We, authors of this article, have some experience in executing the program that proves the theorem, using the computerized theorem proving tools such as Gypsy to test approximately a thousand lines of code. The principle of the Gypsy utility is as follows. First, the tester puts the statements of theorems and lemmas together with blocks of code written in Gypsy (one of the variants of Pascal). Then the proof of theorems embedded in Gypsy verifies whether the block of code correctly executes all the statements formulated in the theorems and lemmas. The algorithm, the correctness of which was checked and proven with the help of this formal verification tool, is known as Collision Avoidance (collisions exception). Currently, this algorithm is implemented in the computer systems of the US Federal Aviation Agency to coordinate an aircraft how to avoid threatening collisions. To achieve this goal, radio beacons are installed on aircraft, as well as on high buildings and mountains. These beacon beacons transmit digital packets containing data on such dynamic flight characteristics as altitude, speed and direction of flight. Based on mathematical models of flight dynamics, simulation modeling is performed for data from received digital packages, the purpose of which is to determine the probability of a collision, as well as to develop the necessary tactics to prevent collisions. These data are automatically and preliminarily transmitted to the aircraft with intersecting flight trajectories and help to prevent collision. Thus, it is obvious that the code of the collision avoidance algorithm must be correct, and provably correct.
It is always reasonable to use professional services automation software which helps to manage development projects, people, funds with one view of the client.
Initially, the collision avoidance program was translated into the Gypsy language, and theorems were formulated for each block of code. Then, using the Gypsy capabilities to prove the theorems, it was established that all theorems in the code are implemented. During the process, one software error was detected, after which corresponding corrections were made to the source code.
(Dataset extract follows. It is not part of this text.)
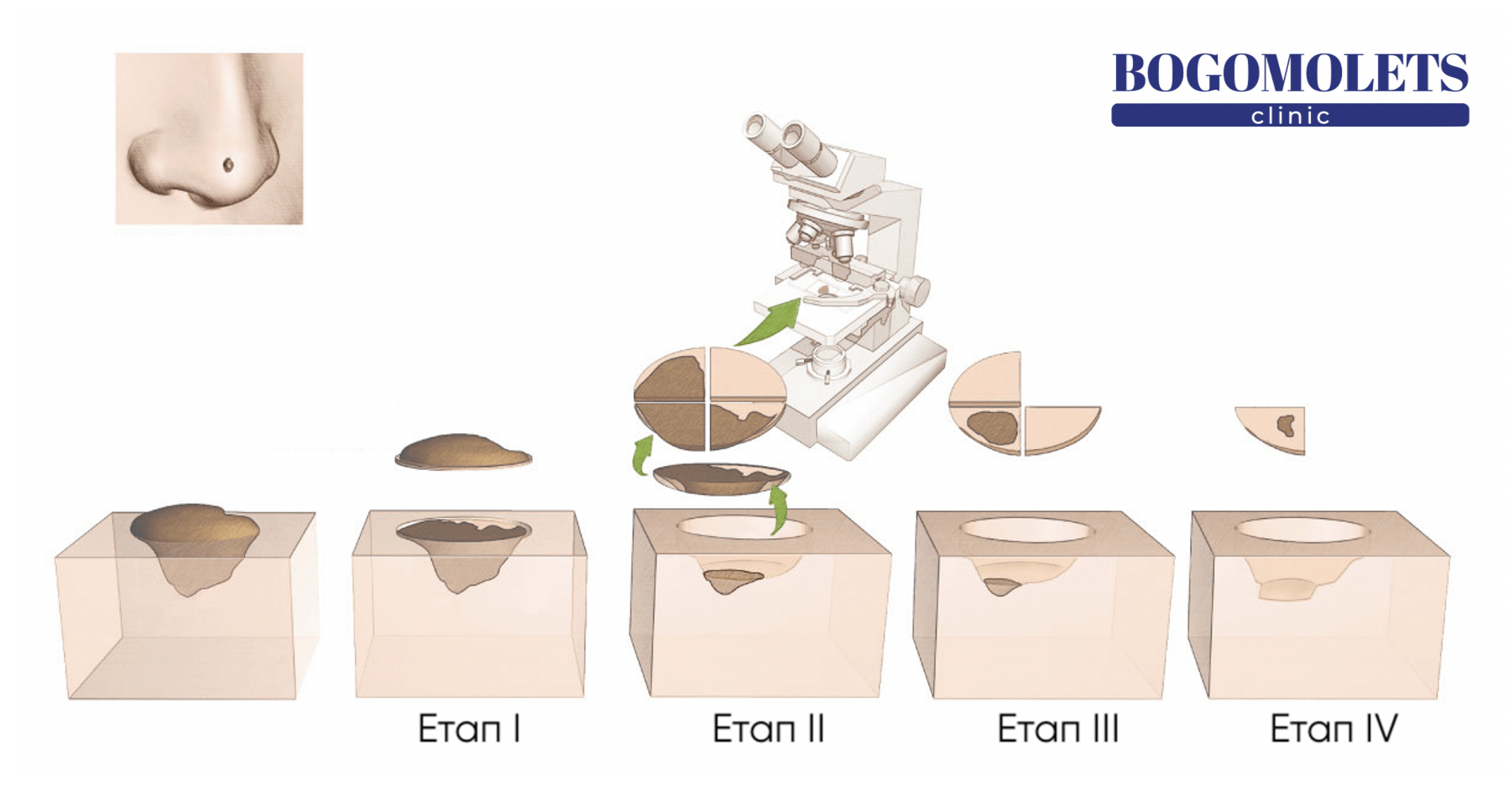 Етапи операції мос хірургії Bogomolets Clinic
The process was painless and really effective.
Test automation tools
There are many automated static testing tools. Most of them are specialized tools, and not one universal tool that could be used in all cases. Another distinguishing feature of these static testing tools is that they are language dependent. Detection of errors in the source language or in the documentation language involves the allocation of errors, including spelling, syntactic errors, errors associated with undefined variables and pointers, unclosed program constructs, undefined references, including Internet addresses, etc.